En pratique, cela pourrait permettre au créancier de disposer d’un certain poids lors du vote du plan, le plan devant être voté à l’unanimité des classes et à la majorité au sein de chaque classe. Si le créancier affecté à une classe distincte est détenteur d’une créance faible, cette solution serait avantageuse pour lui. Toutefois, ce pouvoir de vote pourra être limité par le recours à l’application forcée interclasse, permettant l’adoption d’un plan malgré l’opposition d’une ou plusieurs classes dissidentes (selon qu’elles sont hors ou dans la monnaie). Il faudra garder à l’esprit que les conditions d’application de ce mécanisme seront plus contraignantes dans le cas où le créancier serait également actionnaire.
Cette première hypothèse soulèverait nécessairement la question de l’impact des qualités multiples sur le calcul du droit de vote (le recours à la pondération en fonction des qualités et créances est-il envisageable notamment ?).
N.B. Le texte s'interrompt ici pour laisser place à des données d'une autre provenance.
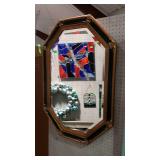 Ornate wall mirror with beveled glass. Black and
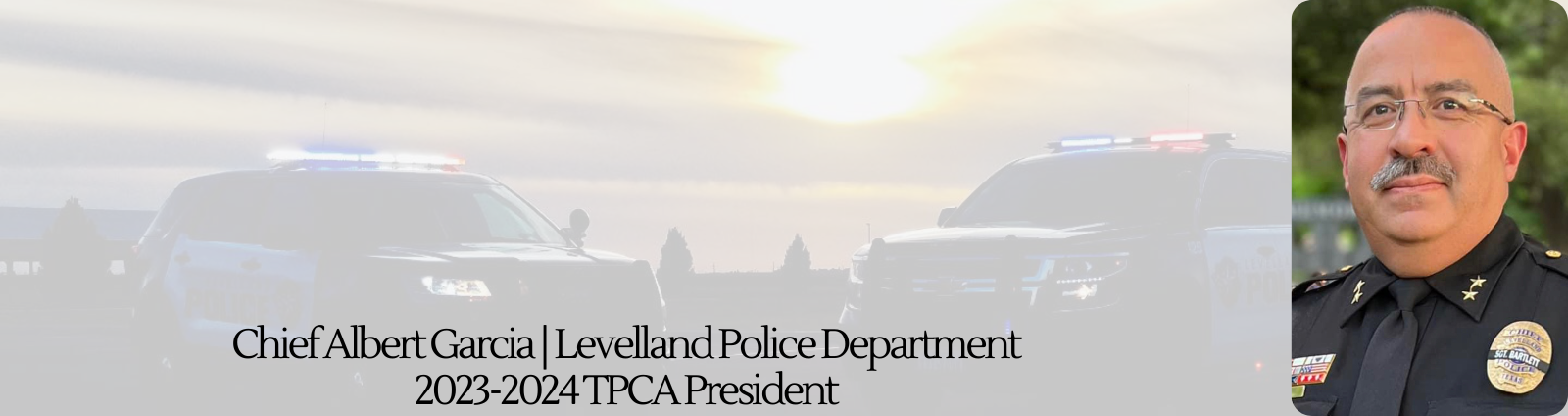 Chief Albert Garcia with 2 patrol cars in the sunset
L’intégration d’une partie ayant de multiples qualités dans plusieurs classes différentes
La seconde possibilité serait l’affectation dudit créancier dans chacune des classes correspondant aux qualités en jeu. Ici, le créancier voterait l’adoption du plan dans chacune des classes auxquelles il est affecté, à proportion de chacune de ses créances / capital détenu pris isolément. D’un certain point de vue, son droit de vote s’en trouverait multiplié. Cette solution permettrait par exemple, au créancier actionnaire de voter dans une classe, qui, si elle est dans la monnaie, pourrait imposer un plan via le mécanisme d’application forcée interclasse. À l’inverse cette solution aurait un effet de dispersion et ainsi de diminuer le poids du vote réparti dans les classes concernées. En effet, le créancier pourrait se trouver minoritaire dans chacune des classes. Par ailleurs cette solution pourrait révéler des conflits d’intérêts donnant lieu à des contestations de la part des autres créanciers (c.com., art. R.626-58-1).
Par conséquent, les options de traitement du créancier à qualités multiples présentent chacune leurs avantages et inconvénients, fonctions de la situation exacte du créancier. En l’absence de précision légale ou jurisprudentielle, si l’administrateur judiciaire reste libre de choisir entre ces deux modèles (sous le contrôle du juge), une insécurité juridique existe dans l’attente de la fixation de la jurisprudence.
Pour pallier une telle insécurité, il pourrait être intéressant d’agir bien en amont soit en répartissant les différentes qualités entre plusieurs entités, si cela est possible, soit notamment en prévoyant dans la documentation de financement, en cas de financement structuré, des mécanismes de subordination et / ou des clauses organisant le vote en cas de constitution de classes de parties, appelées intercreditors agreements ou exercice des droits. L’établissement d’une cartographie des créanciers / détenteurs de capitaux du débiteur pourra être utile à cet effet.